Browsing "Secular Humanistic Parenting"

Secular Humanistic Parenting Part Five: Sex, and Sexual Misconduct



4. Avoid sexual misconduct.

My mom may be reading this, so I won’t get into details, but I have done some seriously stupid things in my life while lust served as my guide. I hurt others, I was careless and crude, I hurt myself as well. It would have been easier if I had better guidance at the time.

My boys are teenagers now, and we have touched on the issue of sexual misconduct on a few occasions. Naturally, they’re not eager to discuss sex with the old man, but I think that they grasp the basics: Sexual misconduct means any sexual act that hurts, or may hurt another person.

The 4th humanistic precept tells us this: Before following our wild instincts, we should ask ourselves if anybody may get hurt as a result. This relates directly to our sexual partners, but extends far beyond them to ours, and their families, friends, other people we or they may be involved with, and, last but not least, ourselves: Are we ready for this? May we potentially get hurt?

This definition of a wrong sexual act includes scenarios that are too many to describe, but there’s really no need to. This is simply about not committing an act that may hurt others, and it is in accordance with the first precept, which deals with not harming other beings. If you teach children from a tender age to be nice to others, avoiding sexual misconduct later in life should come naturally to them.

So the question is, why dedicating a whole rule just for sex? We probably all know the answer… but I’ll spell it out anyway, just in case: Our sex drive is a force that can overpower our better judgment, and shatter our values. It’s called a drive for a reason. It deserves its own precept.

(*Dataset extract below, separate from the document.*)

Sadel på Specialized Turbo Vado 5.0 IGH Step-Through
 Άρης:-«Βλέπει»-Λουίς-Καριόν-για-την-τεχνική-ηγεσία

Being a humanist involves understanding human nature, and the ways that our brain works. The powerful force that lust and passion have over us at times are not our fault, and are no sin or something to be ashamed of. We’re built this way, and it has worked so well for us as a species, that now there are over seven billions of us on this planet. (Perhaps it worked too well, but that’s a topic for another time.)

Realizing the overpowering nature of our sex drive does not, of course, give us a license to blindly follow it. Only when our actions are harmless are we to obey the call of nature.

A few words about safe sex: STD’s are harmful; unwanted/unplanned pregnancies are extremely painful and difficult, regardless of the final outcome. Practicing safe and protected sex is a health issue, but it is a moral one as well.

Parents are often encouraged to talk to their children about drugs and alcohol abuse. Discussing sex, and sexual misconduct is just as important. As uncomfortable as some people may be around these issues, the consequences of neglecting one of the most powerful internal forces that children will encounter in their lives, may be even less pleasant.

Secular Humanistic Parenting Part Four: Lies and Rightful Speech

I’m no big drinker, but a few years ago I got into tasting the variety of our area’s locally made wines. One day I am at the very busy Saturday farmers’ market with Dude2, who was about 7 or 8 at the time. As I engage in sampling a new Chardonnay, the little dude blurts in his squeaky voice, “Daddy, you’ve been drinking a lot of wine lately.” Everything stops. Heads turn. I choke on my wine and cough. People nod their heads, pitying the small child who has just lost his innocence realizing that his father is a hopeless alcoholic.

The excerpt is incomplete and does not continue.